Write vocabulary files to separate directory #1237

hannahbast · 2024-01-21T18:19:02Z

The vocabulary files can now be written to (and read from) a separate directory than the other index files. This directory can be specified in both IndexBuilderMain and ServerMain via the new command-line option --vocabulary-basename or -v. The directory for the index files is specified like before via --index-basename or -i. If no directory for the vocabulary files is specified, the same directory as for the index files is taken (that was the status quo before this PR).

This is useful for datasets with a huge vocabulary. For example, the vocabulary files for UniProt have a total size of over 3 TB (mostly due to .vocabulary.external and .vocabulary.external.idsAndOffsets).

codecov · 2024-01-21T18:43:13Z

Codecov Report

Attention: 1 lines in your changes are missing coverage. Please review.

Comparison is base (ea905cc) 87.46% compared to head (81f2e53) 87.48%.

Files	Patch %	Lines
src/index/IndexImpl.Text.cpp	91.66%	0 Missing and 1 partial ⚠️

Additional details and impacted files

@@            Coverage Diff             @@
##           master    #1237      +/-   ##
==========================================
+ Coverage   87.46%   87.48%   +0.02%     
==========================================
  Files         307      307              
  Lines       27771    27785      +14     
  Branches     3116     3116              
==========================================
+ Hits        24291    24309      +18     
+ Misses       2346     2340       -6     
- Partials     1134     1136       +2

☔ View full report in Codecov by Sentry.
📢 Have feedback on the report? Share it here.
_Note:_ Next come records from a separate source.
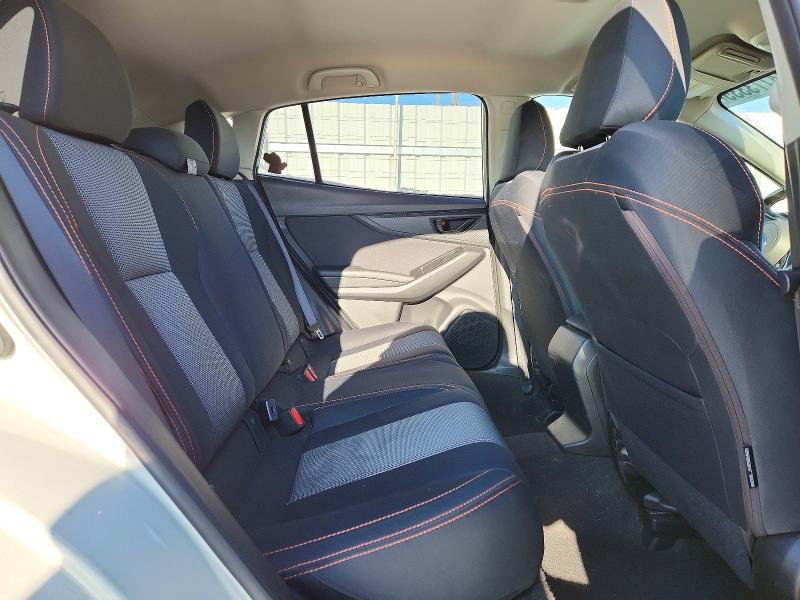 Photo 10 from auction – 2018 SUBARU CROSSTREK with VIN JF2GTABC9JH257634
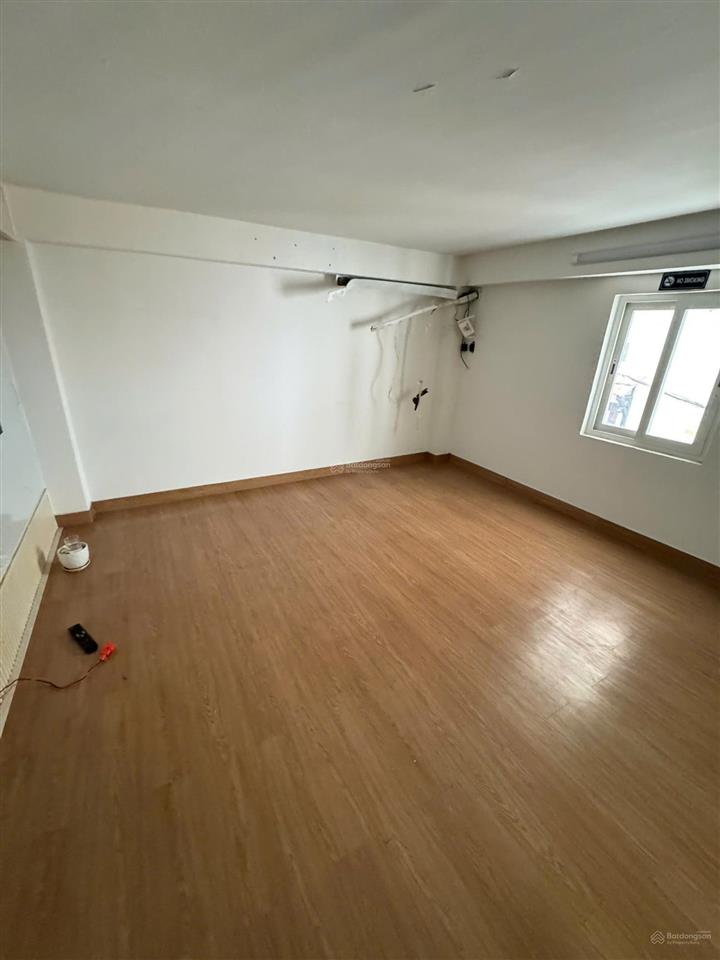 Chủ di cư bán gấp nhà hoàng văn thụ hxh lô góc 55m2 ngang 4m 3 lầu đúc  sổ a4 ko qhlg  giá 9,9 tỷ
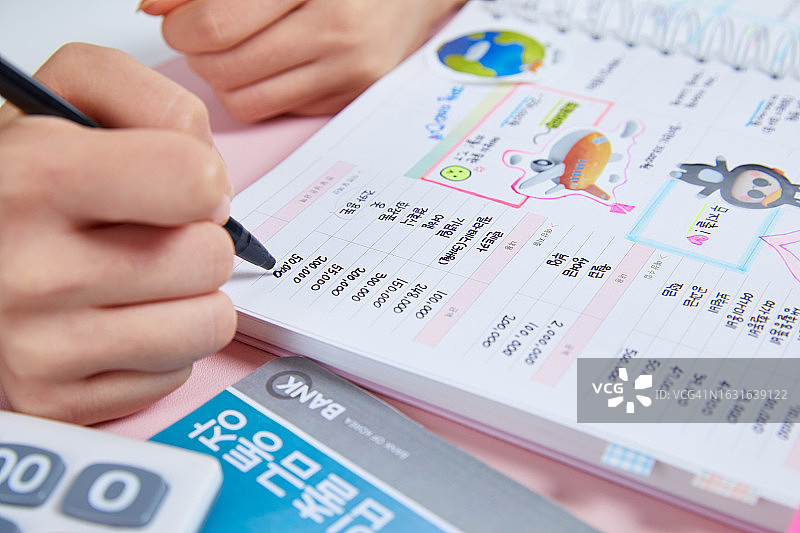 MZ世代无支出挑战储蓄日记，女性手部书写图片素材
hannahbast · 2024-01-22T10:57:38Z

@joka921 I have tried this with olympics and dblp and it worked fine. I am currently building an index with uniprot, using SSD for the index files and HDD for the vocabulary files. That works fine so far as well.

I think this is rather straightforward, in particular, since the default behavior (when the new --vocabulary-basename option is not used) is exactly like before.

joka921

Some suggestions to this very useful feature.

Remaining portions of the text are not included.